### ABOUT THIS TASK:
Each entry is to be output precisely as it appears.

### Dataset items:
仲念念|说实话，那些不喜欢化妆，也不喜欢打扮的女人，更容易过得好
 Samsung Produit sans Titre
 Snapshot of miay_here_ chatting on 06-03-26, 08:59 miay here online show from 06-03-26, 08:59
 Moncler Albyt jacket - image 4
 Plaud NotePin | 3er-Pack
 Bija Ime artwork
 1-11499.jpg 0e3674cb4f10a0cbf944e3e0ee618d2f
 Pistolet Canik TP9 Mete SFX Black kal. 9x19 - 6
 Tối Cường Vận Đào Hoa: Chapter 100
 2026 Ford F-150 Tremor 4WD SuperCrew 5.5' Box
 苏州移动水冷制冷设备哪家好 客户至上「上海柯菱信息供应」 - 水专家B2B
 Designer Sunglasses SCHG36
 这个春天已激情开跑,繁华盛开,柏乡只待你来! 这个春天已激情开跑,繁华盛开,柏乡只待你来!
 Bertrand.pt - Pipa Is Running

### RESPONSE TO THIS EXERCISE:
仲念念|说实话，那些不喜欢化妆，也不喜欢打扮的女人，更容易过得好
 Samsung Produit sans Titre
 Snapshot of miay_here_ chatting on 06-03-26, 08:59 miay here online show from 06-03-26, 08:59
 Moncler Albyt jacket - image 4
 Plaud NotePin | 3er-Pack
 Bija Ime artwork
 1-11499.jpg 0e3674cb4f10a0cbf944e3e0ee618d2f
 Pistolet Canik TP9 Mete SFX Black kal. 9x19 - 6
 Tối Cường Vận Đào Hoa: Chapter 100
 2026 Ford F-150 Tremor 4WD SuperCrew 5.5' Box
 苏州移动水冷制冷设备哪家好 客户至上「上海柯菱信息供应」 - 水专家B2B
 Designer Sunglasses SCHG36
 这个春天已激情开跑,繁华盛开,柏乡只待你来! 这个春天已激情开跑,繁华盛开,柏乡只待你来!
 Bertrand.pt - Pipa Is Running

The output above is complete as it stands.